Dogs Competing for Attention

How to help with competition between dogs for human attention? Rosebud acts like she owns me and Helmut (new dog) acts like he owns my husband. How to reduce this behavior?

Dr. Nichol:
Rosebud and Helmut believe that access to their leaders is limited. What? Why that’s ridiculous! Love and affection for your dogs is boundless – from the human perspective. But they think differently. Their species has scraped by for thousands of years believing that resources, like food and interactions with leaders, are scarce. Rosebud and Helmut are genetically programmed to assume that their sustenance and their people could evaporate anytime.

Each of your dogs has picked their person. Rosebud cannot allow Helmut near your highness because if she doesn’t get all of you she’s sure that she won’t get any of you. There is no way to change her hard-wiring but you and your husband are smarter than your dogs. You can learn canine leadership.

Leave a leash attached to each dog’s collar whenever they are inside. If they compete for either person’s attention or get pushy with each other both of them must be immediately ignored. Pick up either leash and lead that fully ignored dog outside or to another room and close the door. You can then return to the other dog and lavishly enjoy his/her company.

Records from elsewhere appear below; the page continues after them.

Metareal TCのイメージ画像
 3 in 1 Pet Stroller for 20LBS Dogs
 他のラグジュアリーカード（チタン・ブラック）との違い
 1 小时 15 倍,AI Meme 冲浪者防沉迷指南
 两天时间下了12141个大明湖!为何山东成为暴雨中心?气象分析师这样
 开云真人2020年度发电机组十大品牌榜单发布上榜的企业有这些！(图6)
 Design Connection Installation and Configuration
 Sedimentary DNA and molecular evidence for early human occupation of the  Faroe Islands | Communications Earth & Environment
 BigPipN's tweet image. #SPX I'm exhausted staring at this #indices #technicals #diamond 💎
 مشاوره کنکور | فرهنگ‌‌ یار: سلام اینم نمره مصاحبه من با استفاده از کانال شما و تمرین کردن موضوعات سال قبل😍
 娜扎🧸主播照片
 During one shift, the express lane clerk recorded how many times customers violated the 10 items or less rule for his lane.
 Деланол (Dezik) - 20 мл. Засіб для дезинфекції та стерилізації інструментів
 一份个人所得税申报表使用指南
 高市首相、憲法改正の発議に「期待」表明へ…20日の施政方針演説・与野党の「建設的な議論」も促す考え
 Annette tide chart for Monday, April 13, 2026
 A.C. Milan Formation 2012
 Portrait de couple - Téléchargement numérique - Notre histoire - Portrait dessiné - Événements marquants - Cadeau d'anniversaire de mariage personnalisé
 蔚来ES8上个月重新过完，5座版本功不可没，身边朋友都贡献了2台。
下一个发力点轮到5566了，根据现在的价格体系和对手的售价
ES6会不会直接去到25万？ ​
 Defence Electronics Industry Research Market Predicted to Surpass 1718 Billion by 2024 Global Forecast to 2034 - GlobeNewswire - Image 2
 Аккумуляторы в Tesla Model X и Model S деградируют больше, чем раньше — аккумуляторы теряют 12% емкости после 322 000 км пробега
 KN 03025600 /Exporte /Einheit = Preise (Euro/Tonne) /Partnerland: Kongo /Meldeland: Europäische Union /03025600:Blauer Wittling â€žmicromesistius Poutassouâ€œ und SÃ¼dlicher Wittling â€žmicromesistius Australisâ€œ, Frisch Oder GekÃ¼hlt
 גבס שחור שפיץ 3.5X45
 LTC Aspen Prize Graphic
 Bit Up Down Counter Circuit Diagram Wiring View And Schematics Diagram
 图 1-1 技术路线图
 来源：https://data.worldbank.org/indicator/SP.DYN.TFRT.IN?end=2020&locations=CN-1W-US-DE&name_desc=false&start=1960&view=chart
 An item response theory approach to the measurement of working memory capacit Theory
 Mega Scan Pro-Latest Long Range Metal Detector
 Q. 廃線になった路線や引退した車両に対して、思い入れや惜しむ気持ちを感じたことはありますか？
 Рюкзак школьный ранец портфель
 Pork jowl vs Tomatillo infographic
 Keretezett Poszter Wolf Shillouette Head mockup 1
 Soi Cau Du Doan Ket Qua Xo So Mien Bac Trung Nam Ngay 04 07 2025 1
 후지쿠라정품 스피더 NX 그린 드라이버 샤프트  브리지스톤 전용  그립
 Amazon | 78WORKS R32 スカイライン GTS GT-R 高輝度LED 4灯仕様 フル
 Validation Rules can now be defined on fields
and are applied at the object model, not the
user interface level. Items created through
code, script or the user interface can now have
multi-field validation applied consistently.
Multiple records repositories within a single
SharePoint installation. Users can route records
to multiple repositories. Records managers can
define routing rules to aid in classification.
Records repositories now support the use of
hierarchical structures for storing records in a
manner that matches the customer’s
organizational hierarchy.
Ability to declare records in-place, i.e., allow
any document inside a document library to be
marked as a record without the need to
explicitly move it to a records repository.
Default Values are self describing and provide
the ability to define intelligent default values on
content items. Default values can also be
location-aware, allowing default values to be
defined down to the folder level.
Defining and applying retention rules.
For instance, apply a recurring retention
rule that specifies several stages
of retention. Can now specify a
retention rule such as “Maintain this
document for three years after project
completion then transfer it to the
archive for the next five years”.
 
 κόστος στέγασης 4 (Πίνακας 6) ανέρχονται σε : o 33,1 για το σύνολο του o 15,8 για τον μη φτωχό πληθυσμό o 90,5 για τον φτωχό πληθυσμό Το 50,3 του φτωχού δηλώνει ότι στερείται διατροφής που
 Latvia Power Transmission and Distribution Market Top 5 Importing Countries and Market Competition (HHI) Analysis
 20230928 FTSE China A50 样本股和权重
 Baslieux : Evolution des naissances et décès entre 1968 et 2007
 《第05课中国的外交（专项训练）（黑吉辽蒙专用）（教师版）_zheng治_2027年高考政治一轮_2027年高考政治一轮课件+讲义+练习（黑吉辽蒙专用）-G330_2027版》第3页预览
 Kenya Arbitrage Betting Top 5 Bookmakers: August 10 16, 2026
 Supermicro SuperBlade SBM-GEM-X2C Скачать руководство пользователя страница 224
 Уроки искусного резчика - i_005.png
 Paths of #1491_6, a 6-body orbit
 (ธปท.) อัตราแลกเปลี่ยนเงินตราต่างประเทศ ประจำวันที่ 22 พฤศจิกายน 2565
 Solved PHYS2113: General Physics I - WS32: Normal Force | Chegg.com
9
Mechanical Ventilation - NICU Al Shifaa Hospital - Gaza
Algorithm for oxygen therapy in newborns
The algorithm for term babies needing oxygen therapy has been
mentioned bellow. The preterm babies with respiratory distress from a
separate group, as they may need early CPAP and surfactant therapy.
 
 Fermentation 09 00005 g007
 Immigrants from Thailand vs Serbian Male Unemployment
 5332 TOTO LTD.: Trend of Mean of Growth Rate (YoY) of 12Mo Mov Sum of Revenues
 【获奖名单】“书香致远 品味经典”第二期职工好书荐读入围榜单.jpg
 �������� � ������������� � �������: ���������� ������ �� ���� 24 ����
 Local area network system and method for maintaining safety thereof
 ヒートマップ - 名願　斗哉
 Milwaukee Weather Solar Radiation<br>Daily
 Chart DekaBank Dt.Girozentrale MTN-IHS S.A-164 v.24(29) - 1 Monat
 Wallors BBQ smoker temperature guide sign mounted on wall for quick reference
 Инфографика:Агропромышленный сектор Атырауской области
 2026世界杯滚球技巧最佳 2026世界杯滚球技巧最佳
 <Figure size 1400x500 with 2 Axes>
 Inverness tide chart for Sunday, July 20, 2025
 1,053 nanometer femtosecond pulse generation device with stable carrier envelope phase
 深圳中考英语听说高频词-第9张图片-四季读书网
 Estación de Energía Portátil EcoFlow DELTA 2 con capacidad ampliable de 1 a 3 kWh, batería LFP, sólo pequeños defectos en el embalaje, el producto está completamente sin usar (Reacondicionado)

Hey – wait a minute. That’s not fair! Fuggedaboutit. Rosebud and Helmut live in the moment. If one dog doesn’t see his competitor getting a brand new car and a dream vacation there will be no recrimination. They don’t get jealous. That’s a human shortcoming. Rosebud and Helmut are not little people in furry suits.

Avoid correction or reprimands or sharing your affection or snacks with each of dog equally. A canine hierarchy doesn’t recognize the human concept of equality. Rosebud and Helmut believe that a response from their exalted rulers is never gratis, but must always be earned. Whatever your reaction they will think that their behavior of the moment has been validated. Ignore what you don’t want, set your dogs up to succeed (putting one of them elsewhere), and then love the dog you’re with.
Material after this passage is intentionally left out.